» **Instructions to follow**
Each line of the records has to be copied exactly, though the pictures must be left out.

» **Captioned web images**
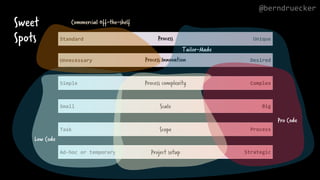 Desired
Process Innovation
Unnecessary
Commercial Off-the-shelf Unique
Process
Standard
Complex
Process complexity
Big
Scale
Process
Scope
Strategic
Ad-hoc or temporary Project setup
Simple
Small
Task
Low Code
Pro Code
Sweet
Spots
Commercial Off-the-shelf
Tailor-Made
@berndruecker
 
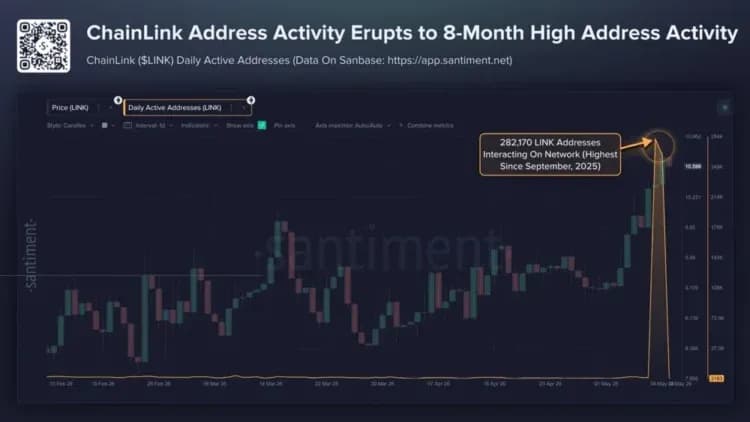 30 億美元 DeFi 資金大遷徙:LayerZero 跌倒,Chainlink 吃飽
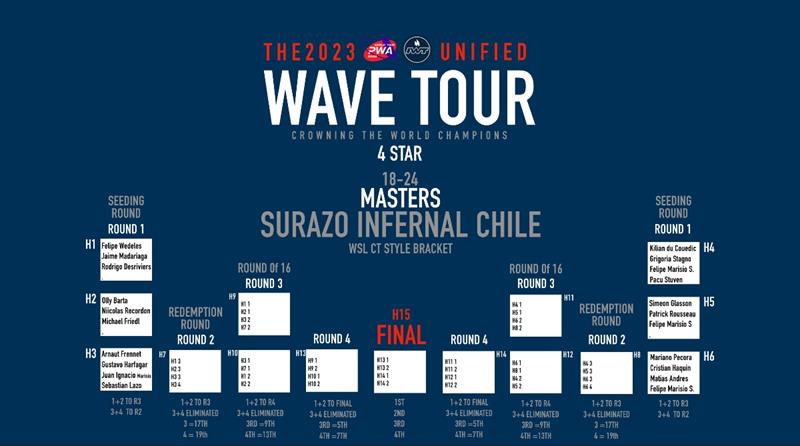 4 STAR Unified PWA IWT Wave Tour events - photo © International Windsurfing Tour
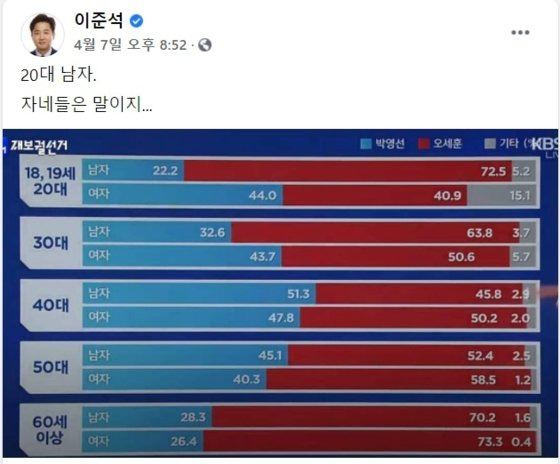 지난해 4ㆍ7 서울시장 보궐선거 출구조사 결과가 나오자 이준석 국민의힘 대표가 올린 페이스북 게시글. 페이스북 캡처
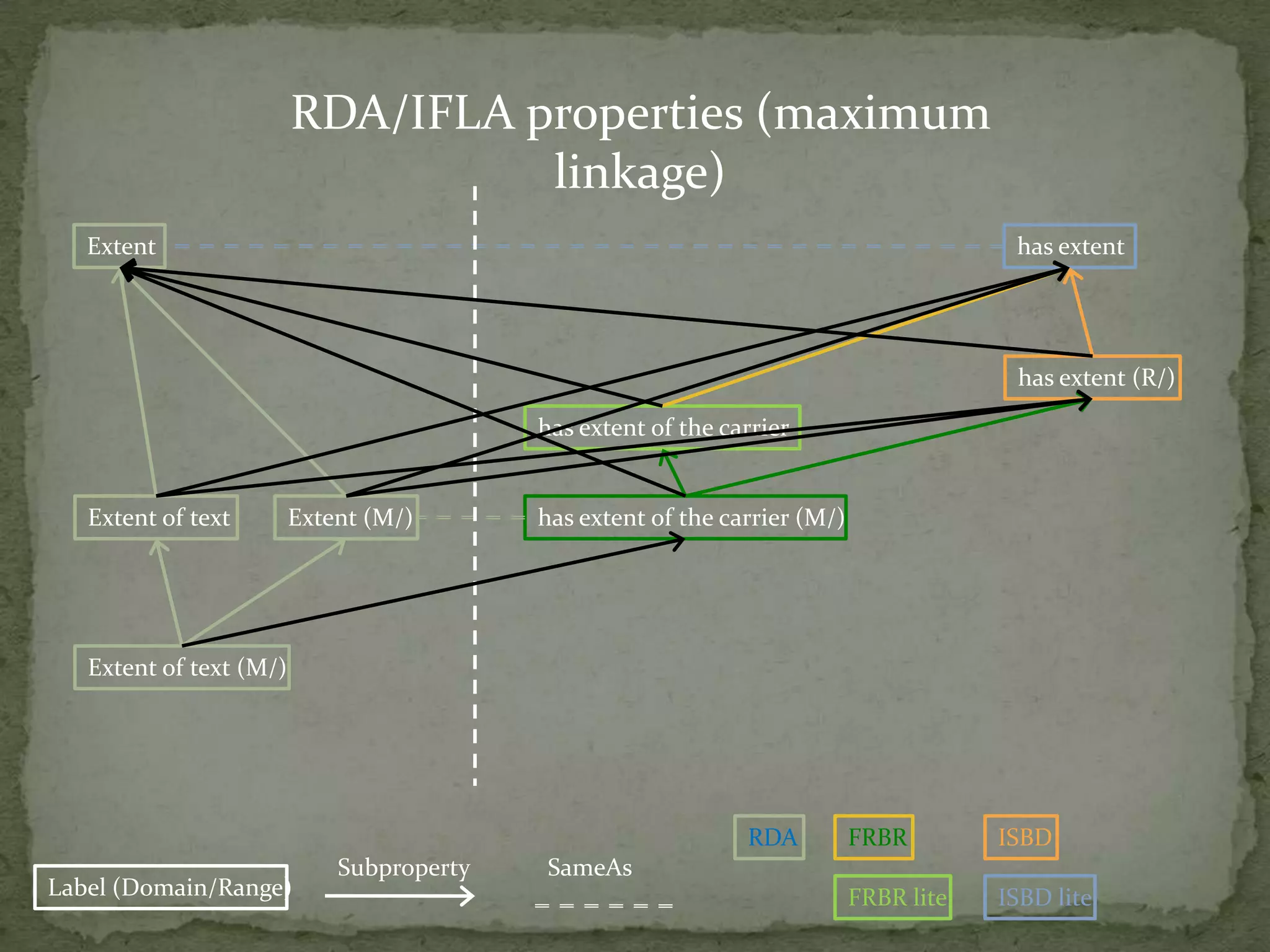 SummaryFR family (FRBR, FRAD, and FRSAD)RDF/XML representation of the consolidated edition of ISBD.General issues arisingfeedback into standards developmentlabels, definitions and scope notesconstrained and unconstrained representationsuse of opaque URIsIFLA Namespaces Technical Group.Relating FR, ISBD and RDA, SKOS, FOAF, etc.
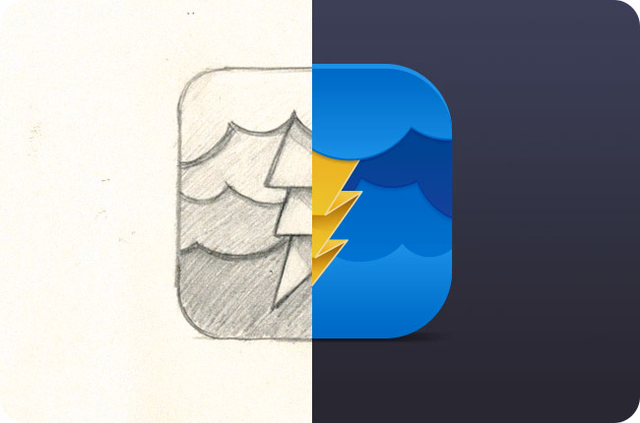 Before and After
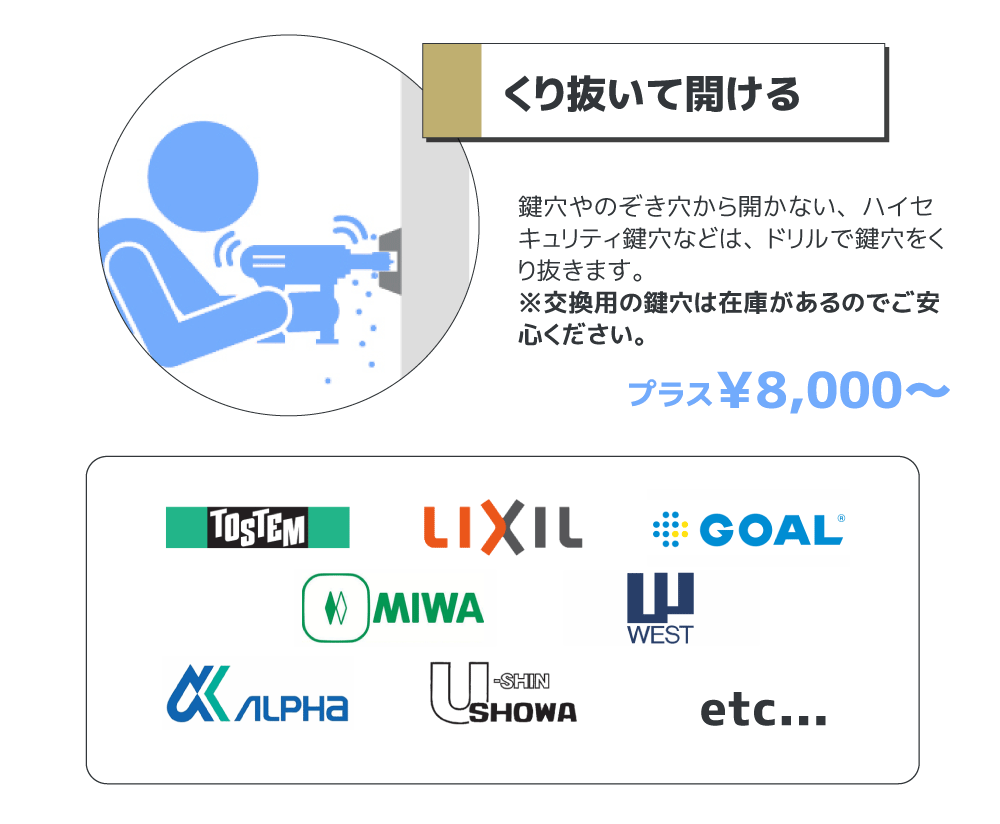 相模原市南区相模大野 鍵屋 鍵交換 鍵修理 鍵開け 鍵紛失 カギのトラブル救急車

» **Your solution**
 Desired
Process Innovation
Unnecessary
Commercial Off-the-shelf Unique
Process
Standard
Complex
Process complexity
Big
Scale
Process
Scope
Strategic
Ad-hoc or temporary Project setup
Simple
Small
Task
Low Code
Pro Code
Sweet
Spots
Commercial Off-the-shelf
Tailor-Made
@berndruecker
 
 30 億美元 DeFi 資金大遷徙:LayerZero 跌倒,Chainlink 吃飽
 4 STAR Unified PWA IWT Wave Tour events - photo © International Windsurfing Tour
 지난해 4ㆍ7 서울시장 보궐선거 출구조사 결과가 나오자 이준석 국민의힘 대표가 올린 페이스북 게시글. 페이스북 캡처
 SummaryFR family (FRBR, FRAD, and FRSAD)RDF/XML representation of the consolidated edition of ISBD.General issues arisingfeedback into standards developmentlabels, definitions and scope notesconstrained and unconstrained representationsuse of opaque URIsIFLA Namespaces Technical Group.Relating FR, ISBD and RDA, SKOS, FOAF, etc.
 Before and After
 相模原市南区相模大野 鍵屋 鍵交換 鍵修理 鍵開け 鍵紛失 カギのトラブル救急車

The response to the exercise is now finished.